Among the treatments explored to treat Covid-19, tiny antibodies produced by certain animal species such as camels, llamas, alpacas or sharks display effective neutralizing properties against the virus.
- Apilimod is a nanobody, present in several animals, which has neutralizing properties against Sars-CoV-2.
- A scientific publication supporting these remarks will soon be put online.
- Researchers are working on other treatments and looking for errors in the virus.
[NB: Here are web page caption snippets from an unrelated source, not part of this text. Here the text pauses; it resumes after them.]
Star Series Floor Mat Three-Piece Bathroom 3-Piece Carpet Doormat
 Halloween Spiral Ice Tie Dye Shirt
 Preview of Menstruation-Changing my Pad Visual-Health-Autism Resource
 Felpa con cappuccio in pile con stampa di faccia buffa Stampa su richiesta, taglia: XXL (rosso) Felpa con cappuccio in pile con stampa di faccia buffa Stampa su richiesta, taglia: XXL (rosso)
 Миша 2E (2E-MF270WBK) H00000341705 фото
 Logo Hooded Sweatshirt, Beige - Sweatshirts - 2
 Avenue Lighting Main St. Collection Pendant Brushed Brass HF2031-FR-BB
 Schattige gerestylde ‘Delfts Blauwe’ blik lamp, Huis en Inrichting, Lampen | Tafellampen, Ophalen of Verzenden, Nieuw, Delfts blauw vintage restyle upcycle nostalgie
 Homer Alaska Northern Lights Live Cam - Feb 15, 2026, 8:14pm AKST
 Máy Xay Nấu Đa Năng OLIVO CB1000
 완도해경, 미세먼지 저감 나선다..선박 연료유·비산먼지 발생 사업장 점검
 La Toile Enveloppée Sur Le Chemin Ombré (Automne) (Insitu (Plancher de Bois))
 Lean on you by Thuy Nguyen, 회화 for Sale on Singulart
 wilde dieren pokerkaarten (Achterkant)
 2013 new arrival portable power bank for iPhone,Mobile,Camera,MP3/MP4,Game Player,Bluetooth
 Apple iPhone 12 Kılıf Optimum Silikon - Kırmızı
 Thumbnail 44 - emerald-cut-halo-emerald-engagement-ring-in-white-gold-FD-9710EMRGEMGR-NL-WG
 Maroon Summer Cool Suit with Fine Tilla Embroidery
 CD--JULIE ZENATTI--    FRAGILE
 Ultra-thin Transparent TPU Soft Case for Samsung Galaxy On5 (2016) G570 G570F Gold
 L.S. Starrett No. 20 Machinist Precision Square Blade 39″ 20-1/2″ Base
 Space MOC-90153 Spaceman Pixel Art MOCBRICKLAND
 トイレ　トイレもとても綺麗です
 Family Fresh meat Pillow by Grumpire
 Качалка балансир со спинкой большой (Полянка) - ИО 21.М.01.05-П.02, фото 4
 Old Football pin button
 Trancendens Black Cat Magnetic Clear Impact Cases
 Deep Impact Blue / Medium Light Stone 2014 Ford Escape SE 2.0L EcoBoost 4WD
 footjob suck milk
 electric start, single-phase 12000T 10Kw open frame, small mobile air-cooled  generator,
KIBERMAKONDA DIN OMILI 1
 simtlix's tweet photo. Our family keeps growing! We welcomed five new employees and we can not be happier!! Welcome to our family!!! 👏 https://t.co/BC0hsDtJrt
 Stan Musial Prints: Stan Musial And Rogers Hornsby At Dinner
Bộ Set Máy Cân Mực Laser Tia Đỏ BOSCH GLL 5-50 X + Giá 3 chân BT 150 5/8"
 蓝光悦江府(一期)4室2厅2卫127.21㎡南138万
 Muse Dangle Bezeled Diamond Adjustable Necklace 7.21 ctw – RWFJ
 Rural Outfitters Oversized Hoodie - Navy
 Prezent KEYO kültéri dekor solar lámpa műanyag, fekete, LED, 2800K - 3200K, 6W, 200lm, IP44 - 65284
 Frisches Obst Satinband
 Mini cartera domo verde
All options are being explored to fight Covid-19. Among the avenues under study, Marco Vignuzzi, an Italian virologist who works at the Institut Pasteur in collaboration with teams of researchers based in New York and San Francisco, is examining that of apilimod, a molecule produced in certain animal species. like camels, llamas, alpacas or sharks. The first tests showed its effectiveness on cell cultures of the virus. In an interview given to Pointhe announces that a scientific publication should soon be supporting his assertions.
nanobodies
Apilimod is a molecule that targets a specific kinase, which means that it acts on an enzyme capable of activating or containing another enzyme. “Its effectiveness on cell cultures of the virus is impressive”, boasts Marco Vignuzzi. These tiny antibodies, from the nanobody family, have, according to the virologist, “neutralizing properties against Sars-CoV-2 [qui] are amazing”. He adds that everything is not settled and that the galenic question remains to be refined, that is to say the form to make this active principle administrable to patients.
This track is not the only one under study for this researcher and his collaborators. “The idea that my team is developing consists in exploiting the errors that can occur in the genome of the virus, in order to prevent this infectious agent from spreading.”, he asks. Two errors are of interest to researchers. The first is to find a coding error in one of the 30,000 bases that make up the virus,”it’s as if we got the wrong word when writing a user manual”, he describes.
Searching for the defective genome
The other error the researchers are working on is the “deletion”. “When a virus reproduces, it does so in tens or even hundreds of thousands of copies. However, in this process, it can sometimes jump to another part of the genome. As if he was skipping a paragraph in the notice. Or it may encode the message backwards: the information appearing in a different order than in the original message. From then on, the text becomes incomprehensible. In the same way, the genomic message carried by this new virus becomes unreadable. And, therefore, less effective. This is what we call a ‘defective genome’”, decrypts Marco Vignuzzi. Clinical trials are underway, he added, and are being conducted by researchers at the University of Warwick in the UK after laboratory animal tests showed the treatment technique to be effective.